• _Task_: Copy the data precisely, character for character, and leave out every picture.

• _Data shown_:
........
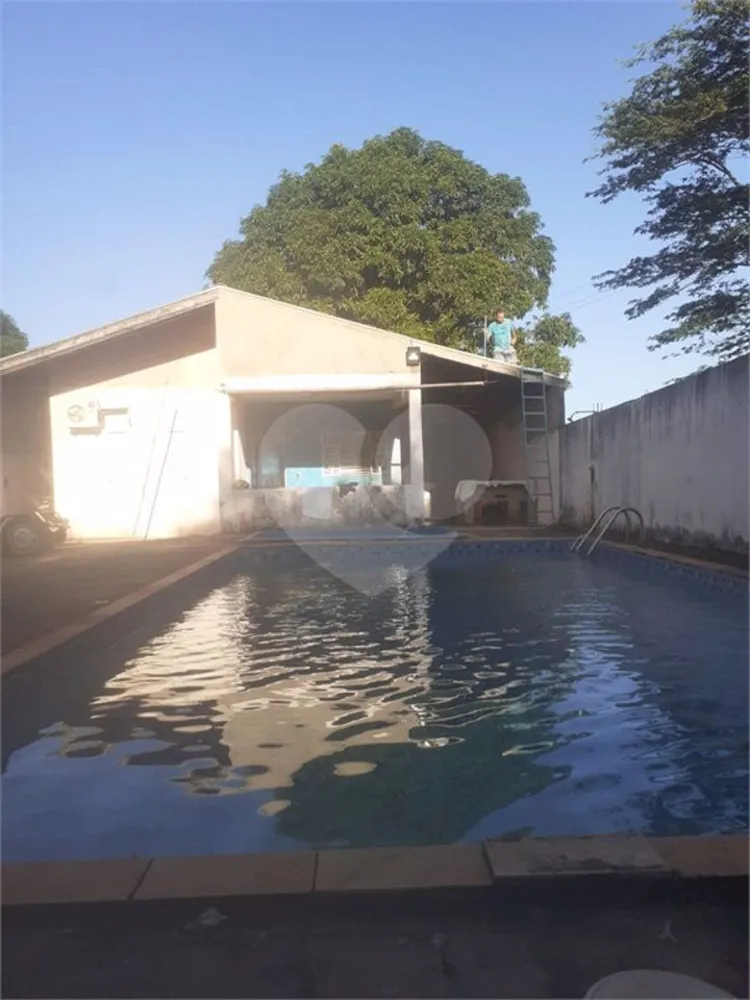 Chácara, 2 quartos, 484 m² - Foto 1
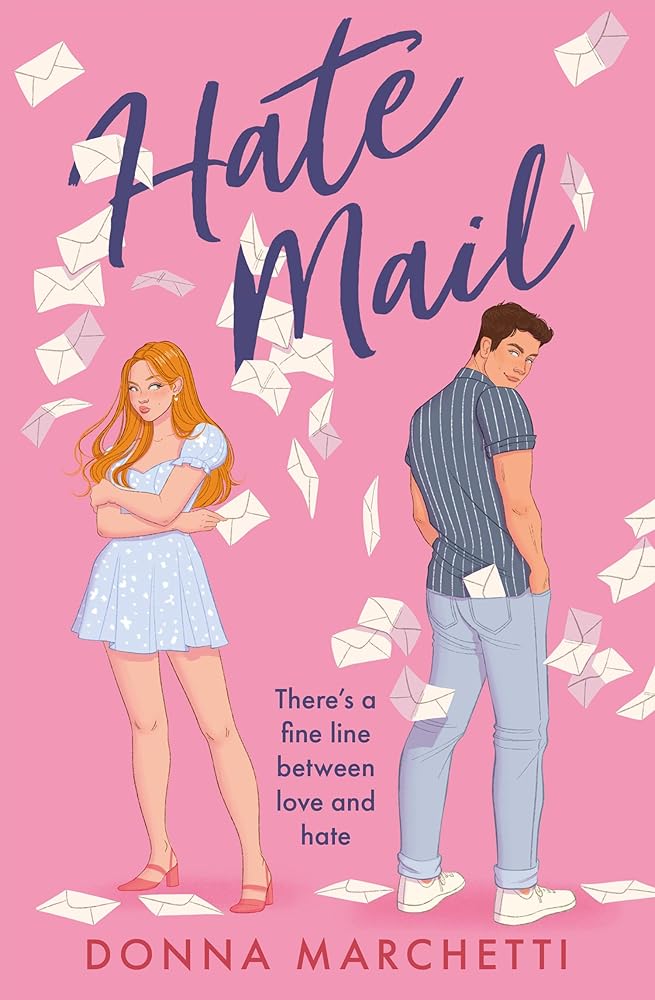 Hate Mail cover image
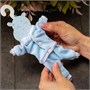Костюм Magic Manufactory СПОРТ ВЕЛЮР для куклы 19 см 61969525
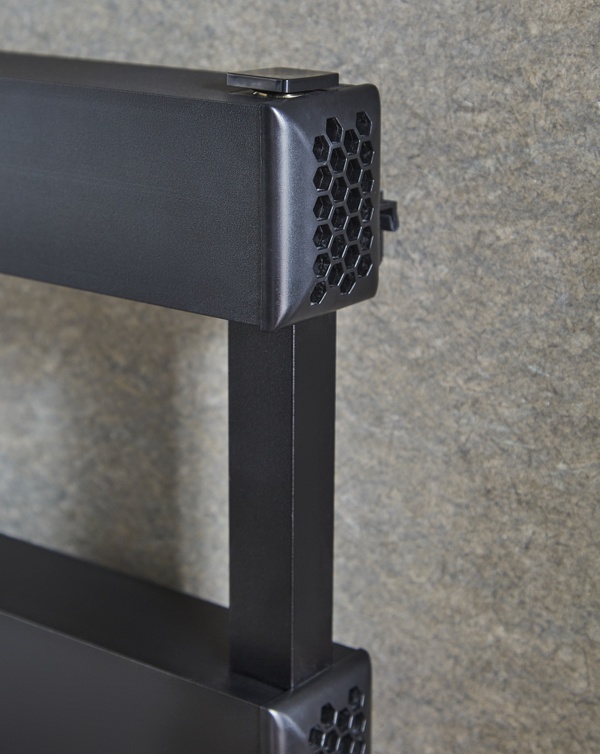 Kartell BANFF 700x500mm BLACK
........
• _Answer_:
 Chácara, 2 quartos, 484 m² - Foto 1
 Hate Mail cover image
Костюм Magic Manufactory СПОРТ ВЕЛЮР для куклы 19 см 61969525
 Kartell BANFF 700x500mm BLACK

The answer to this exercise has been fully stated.